WHAT YOU HAVE TO DO |
Exactly the lines from the start of the data below through the line that contains "Tip number one" are to be copied, with pictures left out.

DATA PROVIDED |
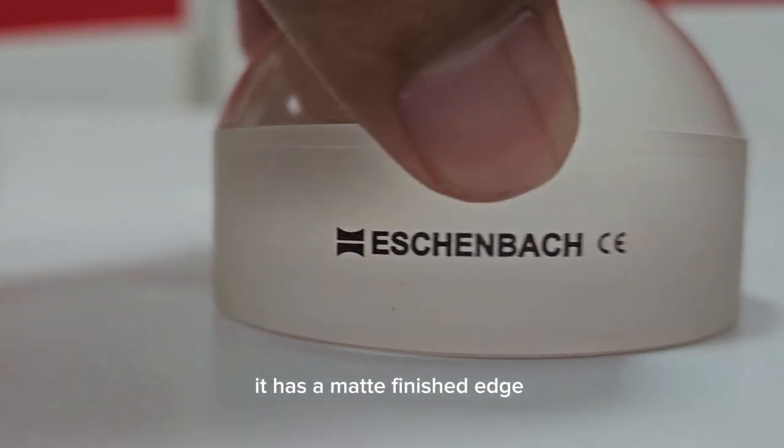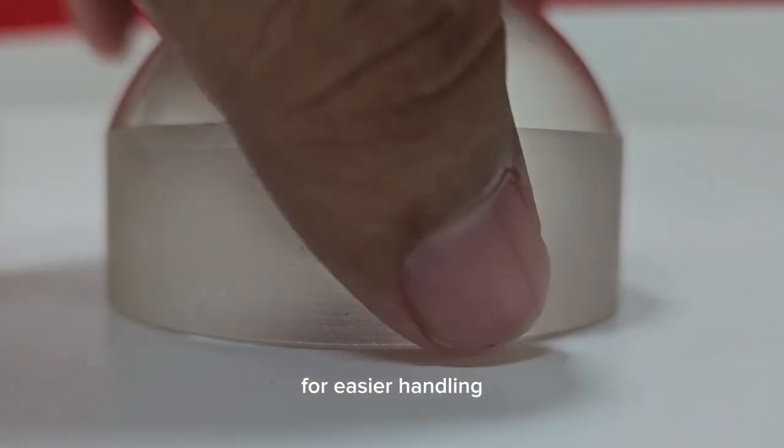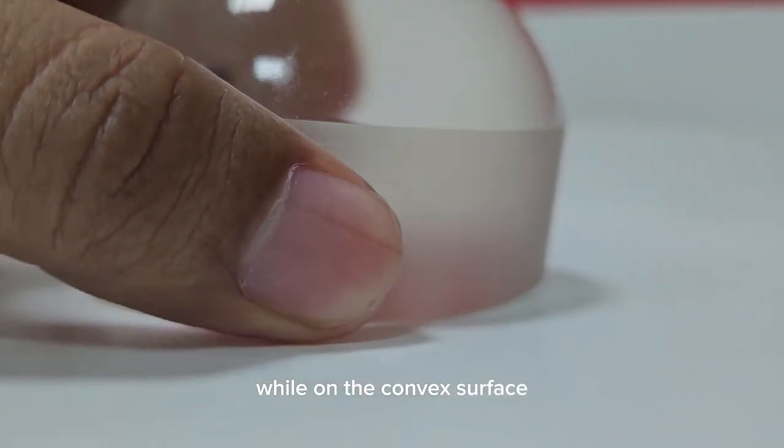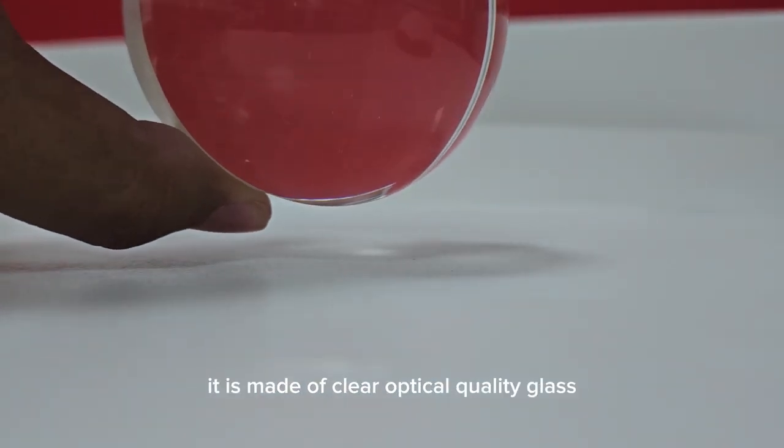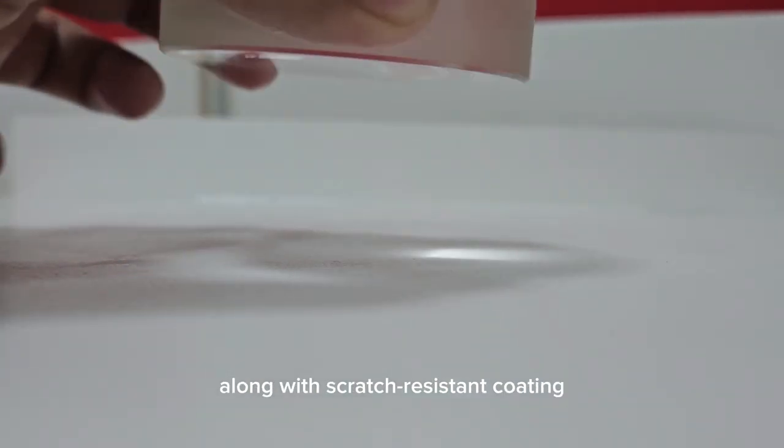It has a matte finish edge for easier handling, while on the convex surface it is made of clear optical quality glass, along with a scratch-resistant coating.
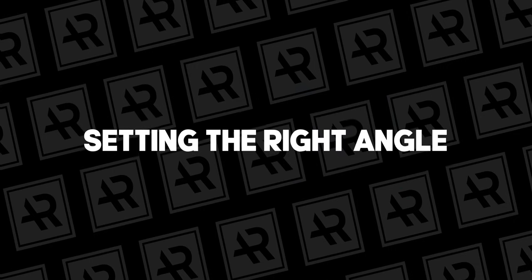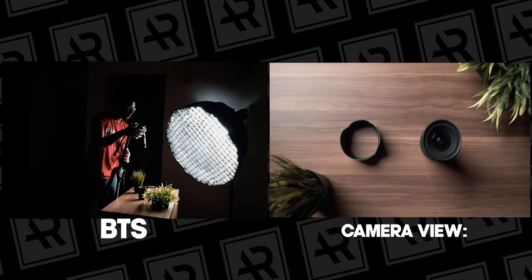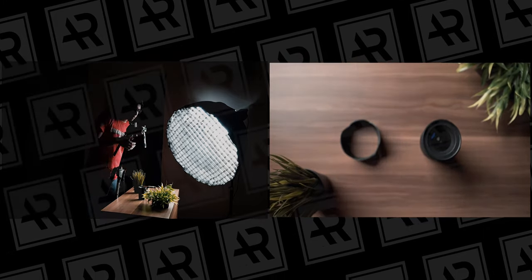Tip number one is getting the right angle. To get a true overhead shot, your camera should be at 90 degrees facing down towards your subject or flat layer. You can achieve this using C-stands, tripods, or a makeshift setup. The way I do it is use a tripod, make it lean towards the table using the first two legs, let the other leg hang, then snap it back into position so it's stable. Then adjust the camera to a perfect 90-degree angle.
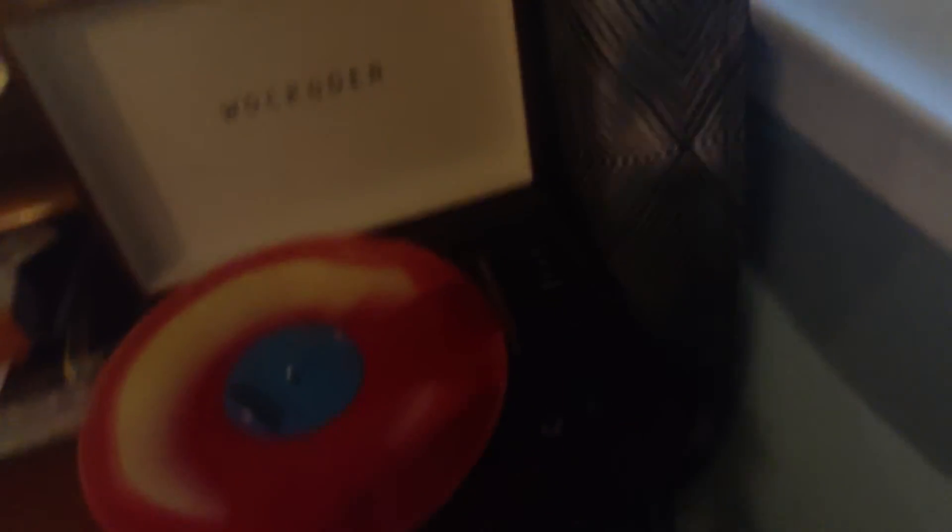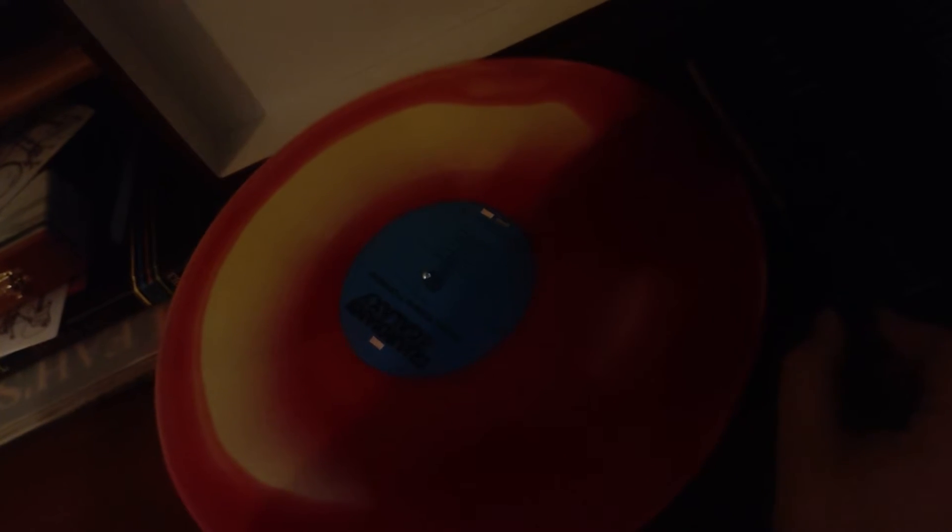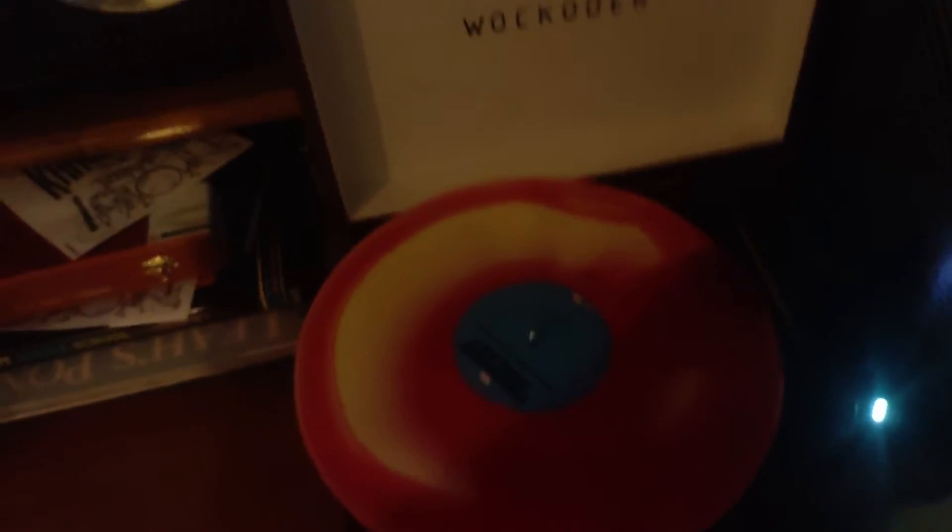And like I said, we're going to do the record player demo. Let's just see what it sounds like. I'm going to go ahead and take the stylus cover off. Now I've taken the cover off the stylus and I'm going to go ahead and play the record.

EXERCISE ANSWER |
It has a matte finish edge for easier handling, while on the convex surface it is made of clear optical quality glass, along with a scratch-resistant coating.
Tip number one is getting the right angle. To get a true overhead shot, your camera should be at 90 degrees facing down towards your subject or flat layer. You can achieve this using C-stands, tripods, or a makeshift setup. The way I do it is use a tripod, make it lean towards the table using the first two legs, let the other leg hang, then snap it back into position so it's stable. Then adjust the camera to a perfect 90-degree angle.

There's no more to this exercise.